それなのにハルちゃんは、何事もなかったかのように学校が楽しいと語った。
校門を出ると、なだらかとは言い難い下り坂が待ち構えている。わたしはこの坂が嫌いだ。雨の日に一度、滑って膝を擦りむいたことがある。
今日は晴れているからその点は安心だが、子供に歩かせるような坂じゃないと、わたしは常々思っている。
「ねえ、マミちゃん。マミちゃんはさ、ダンゴムシって好き?」
「……好きも何も考えたことすらないよ」
さっきまで学校の話をしていたハルちゃんが突然話題を変えた。
とっさのことについていけなかったわたしは、それとない回答をする。わたしの答えが気に入らなかったのか、ハルちゃんは気難しそうな顔を見せた。
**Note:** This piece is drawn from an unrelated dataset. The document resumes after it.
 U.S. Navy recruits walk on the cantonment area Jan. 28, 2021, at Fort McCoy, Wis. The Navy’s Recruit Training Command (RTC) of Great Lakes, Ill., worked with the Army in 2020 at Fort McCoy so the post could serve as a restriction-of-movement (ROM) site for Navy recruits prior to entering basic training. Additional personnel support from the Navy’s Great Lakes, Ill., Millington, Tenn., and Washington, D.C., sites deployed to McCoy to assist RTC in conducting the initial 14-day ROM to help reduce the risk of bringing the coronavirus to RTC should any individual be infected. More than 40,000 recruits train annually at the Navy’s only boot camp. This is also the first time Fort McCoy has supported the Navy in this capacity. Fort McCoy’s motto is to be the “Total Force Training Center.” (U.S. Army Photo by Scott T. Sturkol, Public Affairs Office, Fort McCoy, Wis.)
「ぼくはダンゴムシが好き。コロコロしてて可愛いもん。でも丸まっていないときも好き。モゾモゾ動く姿が可愛い」
「そうなんだ……」
モゾモゾという語感だけで、わたしは鳥肌を立てた。ダンゴムシは丸まっていたらたしかに可愛いけれども、通常時の姿は苦手だ。脚がたくさんある虫全般が苦手なのだ。ハルちゃんはどちらの姿も好きらしい。